2020 Great Plains Conference: April 9-10, 2020, Lincoln, Neb.
Human activities are increasing CO2 in the atmosphere, producing global climate change. Although questions remain about the speed, complexity, and consequences of climate change, on the main point the science is settled. We know about greenhouse gases, rising average temperatures, increased coastal flooding, retreating glaciers, more frequent severe weather events, and other consequences that will upset and transform daily life. Yet rather than engaging in a productive debate about how to address this issue, our national conversation has devolved into a culture war in which one side denies the very existence of climate change while scientists have well documented this phenomenon.
Agriculture is our region’s largest industry, so we are intimately connected to the land and climate, with both short-term weather patterns and longer-term climate conditions affecting our daily decisions. Farmers and ranchers are, in a sense, first responders to the consequences of climate change already occurring. Indigenous communities, such as those along the Missouri River, are also disproportionately vulnerable to these changes. The Great Plains, long a region of weather extremes, will likely experience massive environmental impacts from future climate change with significant societal implications.
How did climate change become such a divisive issue? How does culture—meaning the beliefs, values, social practices, language, and attitudes by which we organize daily life—affect our understanding of climate change and limit or advance our possibilities for addressing it? Why have some embraced climate change denial and tried to delegitimize climate science? Can literature, art, history, politics, economics, psychology, language, and other social science and humanities disciplines bring to the discussion new and constructive ways of communicating? These questions motivate “Climate Change and Culture in the Great Plains.”
Thirty years ago, in 1990, the Center hosted a conference called “Climate Change on the Great Plains,” which was described as “Looking Back from the Twenty-First Century at Impacts of Climate Change on the Great Plains.” We return to that topic three decades later.
Scientists track climate change, but people will have to decide what to do about it. How can we focus national and regional attention on the key issues? This conference will examine the connection between climate change and culture through the Center for Great Plains Studies’ unique regional and interdisciplinary lens.

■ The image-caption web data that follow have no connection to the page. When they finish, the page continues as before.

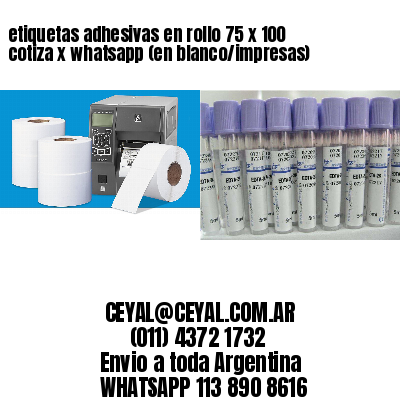 etiquetas adhesivas en rollo 75 x 100 cotiza x whatsapp (en blanco/impresas)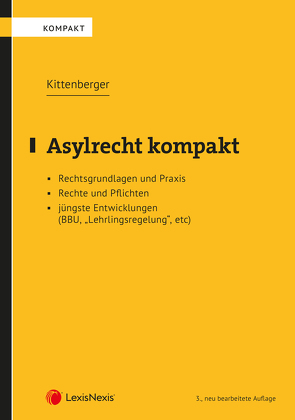 Asylrecht kompakt von Kittenberger,  Norbert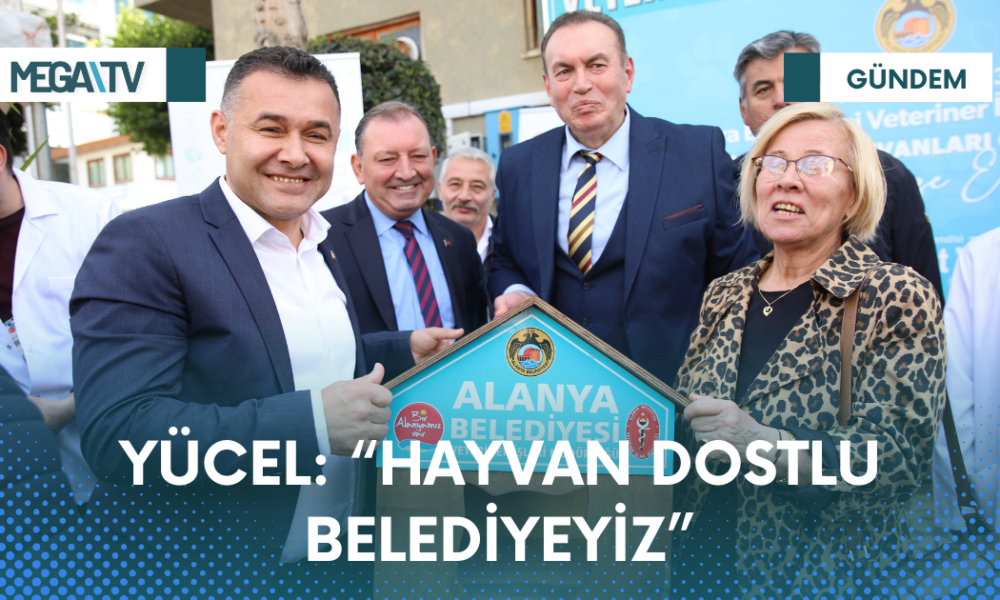 YÜCEL: “HAYVAN DOSTLU BELEDİYEYİZ” - Mega TV Web Haber Şablon (97)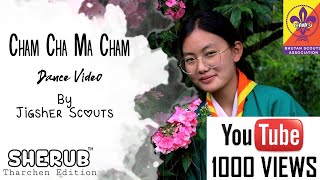 Cham_Cha_Ma_Cham/A_Dance_Video/By_Jigsher_Scouts_2021/Sherub_Tharchen_Edition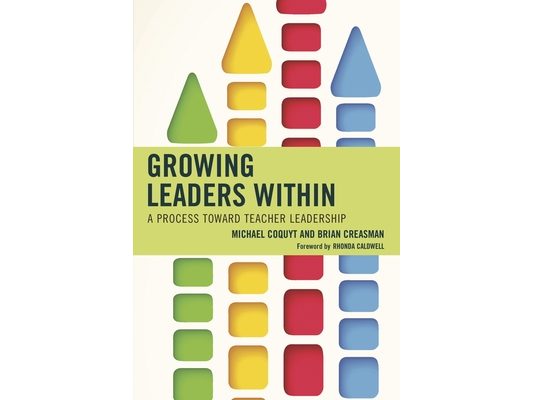 Growing Leaders Within: A Process toward Teacher Leadership
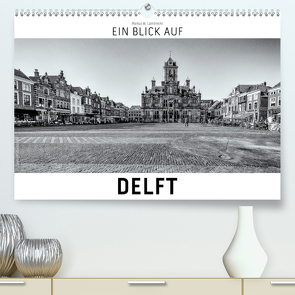 Ein Blick auf Delft (Premium, hochwertiger DIN A2 Wandkalender 2021, Kunstdruck in Hochglanz) von W. Lambrecht,  Markus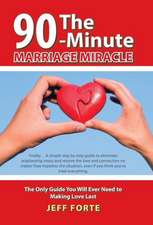 The 90-Minute Marriage Miracle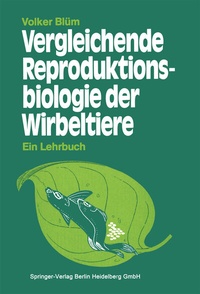 Abbildung von: Vergleichende Reproduktionsbiologie der Wirbeltiere - Springer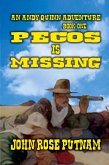 Pecos is Missing Pecos is Missing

Andrew Hoffman is the author of How Culture Shapes the Climate Change Debate, one of 16 books and over 100 articles/book chapters he has written. In this work, he focuses on how environmental issues emerge and evolve under the influence of social and political ideas and the underlying cultural values that are engaged when people debate these issues. He is Professor of Sustainable Enterprise at the University of Michigan in the Stephen M. Ross School of Business and the School for Environment & Sustainability.
“Hoffman’s book is a much-needed analysis of how humans process information—and how that messy mix of reason, emotion, and cultural influence shapes and reinforces our views on global climate change.” —Anthony Leiserowitz, Director, Yale Project on Climate Change Communication.
Jessica Thompson’s research involves improving climate change communication through social science. She led a National Science Foundation project on building place-based climate change education tools for the U.S. National Park Service and U.S. Fish and Wildlife Service. Thompson is an expert on the social and cultural foundations for effective promotion of environmental policy with an interdisciplinary approach involving history, culture, government, and media. She is Associate Professor at Northern Michigan University and the founder of the Northern Climate Network. She also spent five years in the Human Dimensions of Natural Resources department at Colorado State University.
Daniel Wildcat writes on indigenous knowledge, technology, environment, and education. He is co-director of the Haskell Environmental Research Studies Center. A Yuchi member of the Muscogee Nation of Oklahoma, Wildcat recently formed the American Indian and Alaska Native Climate Change Working Group, a tribal-college-centered network of individuals and organizations working on climate change issues. In 2008, he helped organize the Planning for Seven Generations climate change conference sponsored by the National Center for Atmospheric Research. He is the author of Red Alert! Saving the Planet with Indigenous Knowledge and Professor at Haskell Indian Nations University in Lawrence, Kan.